Regardless of the method used for localization, all patients are positioned on a Jackson table. No Wilson frame is used for the simple reason that the gears from the frame can be seen on AP fluoroscopic images. Those same gears create scatter on the intraoperative CT images. Thus, the Wilson frame may obscure visualization of the bony anatomy during either fluoroscopy or computer-assisted navigation.


For lesions at T5 and below, I bring the patient’s arms forward on arms boards. For lesions at T4 and above, the arms are tucked, allowing me better proximity to the operative field.

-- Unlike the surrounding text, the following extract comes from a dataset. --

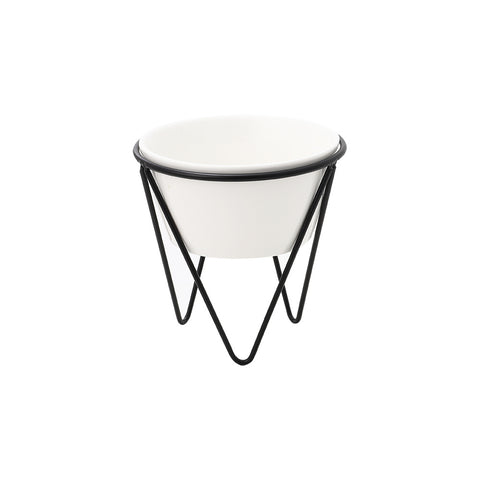 Modern Ceramic Tabletop Planter with Metal Stand, SW0128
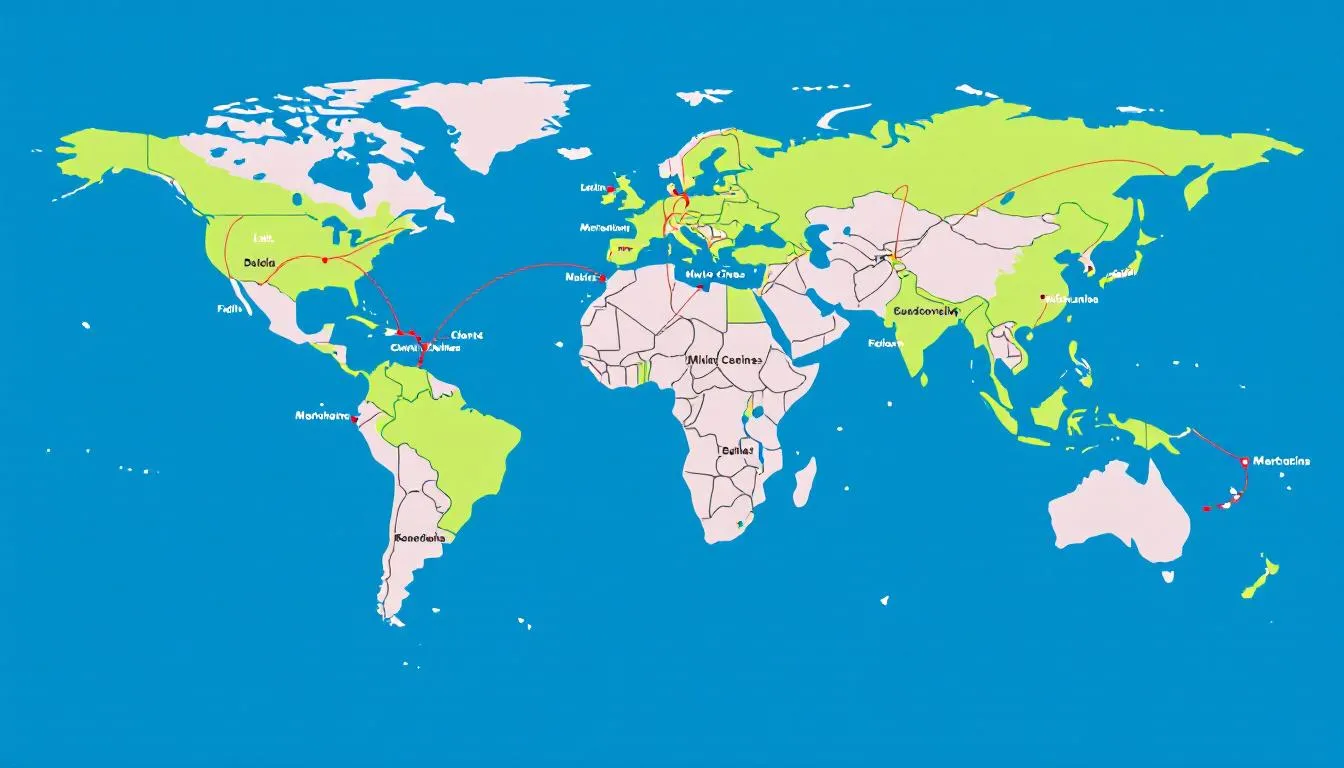 The image depicts a world map illustrating various international flight routes connecting major cities across the globe, highlighting the extensive travel options available for passengers. The routes emphasize the capabilities of luxury aircraft, enabling travelers to explore destinations with maximum efficiency and comfort.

10.3.2 Computer-Assisted Navigation for Localization


With computer-assisted navigation, I obtain an AP fluoroscopic image with a Kirschner wire laid on the surface of the skin over the pedicles of T12 and a second AP image with a Kirschner wire over the pedicles of the vertebral body within a segment or two of the level of compression. As the field of view can typically cover 6 to 7 levels, one only needs to be in the approximate vicinity. By way of example, if I am operating on T3, I attempt to localize over the top of T5. I mark the spinous process of T5 based on one or two AP images counting from the 12th vertebral body, and identified as such by being above the last non–rib-bearing vertebrae. The steep slope of the thoracic spinous process creates the potential to be off by a level. Typically, it is the spinous process of the level above that is seen at the levels of the pedicles; that is, at the pedicles of T5, the spinous process of T4 is seen on AP imaging.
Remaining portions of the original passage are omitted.